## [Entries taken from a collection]
◆ ◆ ◆ ◆ ◆ ◆ ◆

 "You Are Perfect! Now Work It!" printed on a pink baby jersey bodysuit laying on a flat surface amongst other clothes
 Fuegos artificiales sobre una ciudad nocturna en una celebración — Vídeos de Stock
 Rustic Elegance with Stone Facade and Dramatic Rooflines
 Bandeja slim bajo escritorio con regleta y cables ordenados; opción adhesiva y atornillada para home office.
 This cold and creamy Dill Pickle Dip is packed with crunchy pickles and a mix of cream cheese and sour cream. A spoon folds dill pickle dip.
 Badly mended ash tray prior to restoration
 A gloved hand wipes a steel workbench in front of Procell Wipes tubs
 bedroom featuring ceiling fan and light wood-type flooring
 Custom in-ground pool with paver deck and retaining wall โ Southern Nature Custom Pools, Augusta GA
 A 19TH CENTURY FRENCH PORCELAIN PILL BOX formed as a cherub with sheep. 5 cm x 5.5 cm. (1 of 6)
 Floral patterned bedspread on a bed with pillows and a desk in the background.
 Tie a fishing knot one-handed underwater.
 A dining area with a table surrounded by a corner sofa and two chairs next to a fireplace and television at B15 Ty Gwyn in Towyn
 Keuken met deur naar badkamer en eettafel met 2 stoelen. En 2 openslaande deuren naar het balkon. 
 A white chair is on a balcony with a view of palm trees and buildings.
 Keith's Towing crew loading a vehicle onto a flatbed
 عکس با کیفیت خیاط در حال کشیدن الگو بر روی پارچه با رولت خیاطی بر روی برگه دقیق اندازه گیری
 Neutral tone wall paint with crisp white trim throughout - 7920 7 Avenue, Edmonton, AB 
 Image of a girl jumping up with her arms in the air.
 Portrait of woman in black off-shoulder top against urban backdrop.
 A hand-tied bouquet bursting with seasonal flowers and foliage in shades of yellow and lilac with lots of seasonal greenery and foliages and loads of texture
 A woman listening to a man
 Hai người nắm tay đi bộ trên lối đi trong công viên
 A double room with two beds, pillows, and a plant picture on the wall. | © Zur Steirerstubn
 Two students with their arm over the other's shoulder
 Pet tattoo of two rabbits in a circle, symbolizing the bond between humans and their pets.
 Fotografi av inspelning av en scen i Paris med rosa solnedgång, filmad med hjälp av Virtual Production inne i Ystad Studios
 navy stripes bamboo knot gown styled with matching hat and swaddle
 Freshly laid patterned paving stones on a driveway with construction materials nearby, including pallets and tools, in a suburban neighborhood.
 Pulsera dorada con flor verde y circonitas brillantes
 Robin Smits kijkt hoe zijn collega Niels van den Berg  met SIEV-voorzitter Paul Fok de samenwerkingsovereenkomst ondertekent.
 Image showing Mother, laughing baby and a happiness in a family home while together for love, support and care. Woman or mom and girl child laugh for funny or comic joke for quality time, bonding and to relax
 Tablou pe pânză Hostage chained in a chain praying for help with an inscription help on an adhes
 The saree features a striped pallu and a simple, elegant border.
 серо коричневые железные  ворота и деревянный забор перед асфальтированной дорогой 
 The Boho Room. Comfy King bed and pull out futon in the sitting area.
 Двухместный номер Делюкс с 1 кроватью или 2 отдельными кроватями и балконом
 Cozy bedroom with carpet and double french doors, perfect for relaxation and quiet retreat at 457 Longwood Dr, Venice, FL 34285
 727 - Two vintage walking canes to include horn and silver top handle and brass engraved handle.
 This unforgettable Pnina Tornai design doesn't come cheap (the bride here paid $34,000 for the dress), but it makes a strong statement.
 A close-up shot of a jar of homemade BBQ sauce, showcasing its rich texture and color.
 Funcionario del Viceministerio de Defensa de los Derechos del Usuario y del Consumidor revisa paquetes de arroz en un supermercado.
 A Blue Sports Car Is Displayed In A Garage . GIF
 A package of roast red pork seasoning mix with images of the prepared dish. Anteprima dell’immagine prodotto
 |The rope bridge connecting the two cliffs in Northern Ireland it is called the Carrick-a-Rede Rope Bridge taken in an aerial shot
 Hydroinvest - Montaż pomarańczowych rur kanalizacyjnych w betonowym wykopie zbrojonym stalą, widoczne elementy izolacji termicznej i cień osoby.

◆ ◆ ◆ ◆ ◆ ◆ ◆

## [WORK TO BE COMPLETED]
Give back every entry exactly.

## [REPLY]
 "You Are Perfect! Now Work It!" printed on a pink baby jersey bodysuit laying on a flat surface amongst other clothes
 Fuegos artificiales sobre una ciudad nocturna en una celebración — Vídeos de Stock
 Rustic Elegance with Stone Facade and Dramatic Rooflines
 Bandeja slim bajo escritorio con regleta y cables ordenados; opción adhesiva y atornillada para home office.
 This cold and creamy Dill Pickle Dip is packed with crunchy pickles and a mix of cream cheese and sour cream. A spoon folds dill pickle dip.
 Badly mended ash tray prior to restoration
 A gloved hand wipes a steel workbench in front of Procell Wipes tubs
 bedroom featuring ceiling fan and light wood-type flooring
 Custom in-ground pool with paver deck and retaining wall โ Southern Nature Custom Pools, Augusta GA
 A 19TH CENTURY FRENCH PORCELAIN PILL BOX formed as a cherub with sheep. 5 cm x 5.5 cm. (1 of 6)
 Floral patterned bedspread on a bed with pillows and a desk in the background.
 Tie a fishing knot one-handed underwater.
 A dining area with a table surrounded by a corner sofa and two chairs next to a fireplace and television at B15 Ty Gwyn in Towyn
 Keuken met deur naar badkamer en eettafel met 2 stoelen. En 2 openslaande deuren naar het balkon. 
 A white chair is on a balcony with a view of palm trees and buildings.
 Keith's Towing crew loading a vehicle onto a flatbed
 عکس با کیفیت خیاط در حال کشیدن الگو بر روی پارچه با رولت خیاطی بر روی برگه دقیق اندازه گیری
 Neutral tone wall paint with crisp white trim throughout - 7920 7 Avenue, Edmonton, AB 
 Image of a girl jumping up with her arms in the air.
 Portrait of woman in black off-shoulder top against urban backdrop.
 A hand-tied bouquet bursting with seasonal flowers and foliage in shades of yellow and lilac with lots of seasonal greenery and foliages and loads of texture
 A woman listening to a man
 Hai người nắm tay đi bộ trên lối đi trong công viên
 A double room with two beds, pillows, and a plant picture on the wall. | © Zur Steirerstubn
 Two students with their arm over the other's shoulder
 Pet tattoo of two rabbits in a circle, symbolizing the bond between humans and their pets.
 Fotografi av inspelning av en scen i Paris med rosa solnedgång, filmad med hjälp av Virtual Production inne i Ystad Studios
 navy stripes bamboo knot gown styled with matching hat and swaddle
 Freshly laid patterned paving stones on a driveway with construction materials nearby, including pallets and tools, in a suburban neighborhood.
 Pulsera dorada con flor verde y circonitas brillantes
 Robin Smits kijkt hoe zijn collega Niels van den Berg  met SIEV-voorzitter Paul Fok de samenwerkingsovereenkomst ondertekent.
 Image showing Mother, laughing baby and a happiness in a family home while together for love, support and care. Woman or mom and girl child laugh for funny or comic joke for quality time, bonding and to relax
 Tablou pe pânză Hostage chained in a chain praying for help with an inscription help on an adhes
 The saree features a striped pallu and a simple, elegant border.
 серо коричневые железные  ворота и деревянный забор перед асфальтированной дорогой 
 The Boho Room. Comfy King bed and pull out futon in the sitting area.
 Двухместный номер Делюкс с 1 кроватью или 2 отдельными кроватями и балконом
 Cozy bedroom with carpet and double french doors, perfect for relaxation and quiet retreat at 457 Longwood Dr, Venice, FL 34285
 727 - Two vintage walking canes to include horn and silver top handle and brass engraved handle.
 This unforgettable Pnina Tornai design doesn't come cheap (the bride here paid $34,000 for the dress), but it makes a strong statement.
 A close-up shot of a jar of homemade BBQ sauce, showcasing its rich texture and color.
 Funcionario del Viceministerio de Defensa de los Derechos del Usuario y del Consumidor revisa paquetes de arroz en un supermercado.
 A Blue Sports Car Is Displayed In A Garage . GIF
 A package of roast red pork seasoning mix with images of the prepared dish. Anteprima dell’immagine prodotto
 |The rope bridge connecting the two cliffs in Northern Ireland it is called the Carrick-a-Rede Rope Bridge taken in an aerial shot
 Hydroinvest - Montaż pomarańczowych rur kanalizacyjnych w betonowym wykopie zbrojonym stalą, widoczne elementy izolacji termicznej i cień osoby.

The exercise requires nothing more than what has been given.